John Swihart, composer extraordinaire, whose brilliant licks are featured in the recently released Michael Cera vehicle, Youth in Revolt, couldn’t disagree more.

“It takes a big group of people, there are so many people from beginning to end [making a movie] . . . I’m just the guy that comes on at the end,” Swihart says.

Youth in Revolt follows a loser on the exterior who has some winning qualities on the inside, and who strives to win the love of a beautiful, young woman.

Swihart’s contribution to that movie alone, most notably the “Nick and Sheen make Love” and “Keys” tracks, hint at deeper beauty and redeeming qualities hidden within the protagonist.

This same “loser with a heart of gold” motif reminds me of one of my favorite film protagonists, another closet winner – Napoleon Dynamite. This social reject eventually wins hearts and minds with his creativity, heart and passion.

Interestingly enough, it is in this 2004 movie that we heard some of Swihart’s breakout hits. Youth in Revolt and Napoleon Dynamite are two, among more than 40 movies, Swihart has scored. He has also put a big dent in composing for television. He recently recorded with a full orchestra for the 100th episode of “How I Met Your Mother.”
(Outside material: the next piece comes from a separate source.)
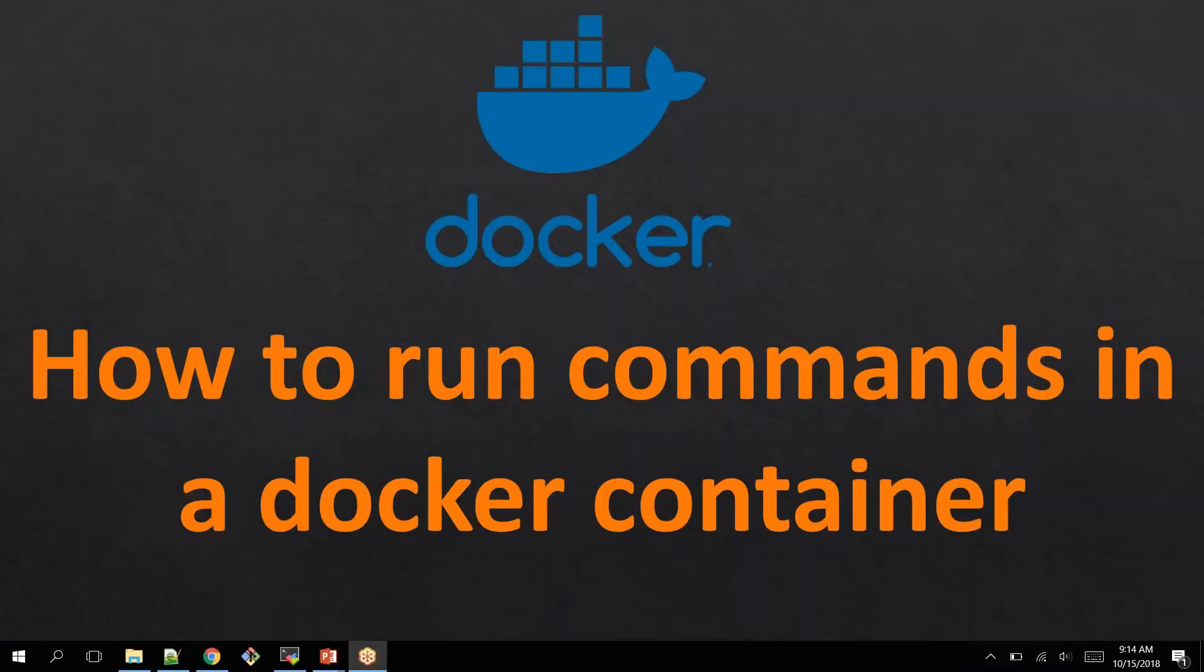Hello everyone, welcome back to Veloxi Technologies. In this video, I'm going to show you how to run some commands on your Docker container. Assume that you have created a container out of an image, but you want to install some additional packages or you want to create something or modify something within your container.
Swihart’s musical journey started in Boston. A former jazz enthusiast and metal head, he attended the renowned Berklee College of Music, where he studied production and engineering, which, Swihart says, was the closest he could get to popular music at the time. After he graduated from Berklee, he found himself working on industrial videos and commercials in a post-production studio.

“I was the audio dude, and I’d be in there, just writing away,” he says.

Even though he’s always been a huge movie fan, Swihart says that for a while he didn’t know exactly what direction he was going to go with his talents.

It was at this post-production studio though, where he met some film students from Emerson College, and he began writing music for their films. That’s where he seemed to find a niche for himself. While these days composing is a full-time job for Swihart, in his early years he worked for free.

“The money will come,” he assures, “you just have to write.”

As in other creative fields, Swihart says there is no set path for the film composer and that more often than not you go where the work is.

So naturally, to find patterns or overriding themes in the movies that he’s worked on might be a stretch. While he has scored several quirky comedies, he has done music for a couple of brooding dramas as well.

He just finished working on a movie titled The Perfect Host with David Hyde Pierce, which he describes as a darker thriller. Thrillers can be especially different, he explains, because they have a lot more layers or tracks than some of the comedies that he has scored.

On paper Swihart is very much a journeyman, proficient in several areas and genres. If, as Swihart humbly insists, the music doesn’t make the movie, it certainly provides the best layer to a cake – the icing. And as I listen to my favorite Swihart tracks from Napoleon Dynamite, or as I ingest the simple melodies from Youth In Revolt, I can’t help but feel that in addition to all his other accomplishments, some of Swihart’s music provides an elegant soundtrack and mini-anthems to the misunderstood with an inner beauty just waiting to burst out into the world.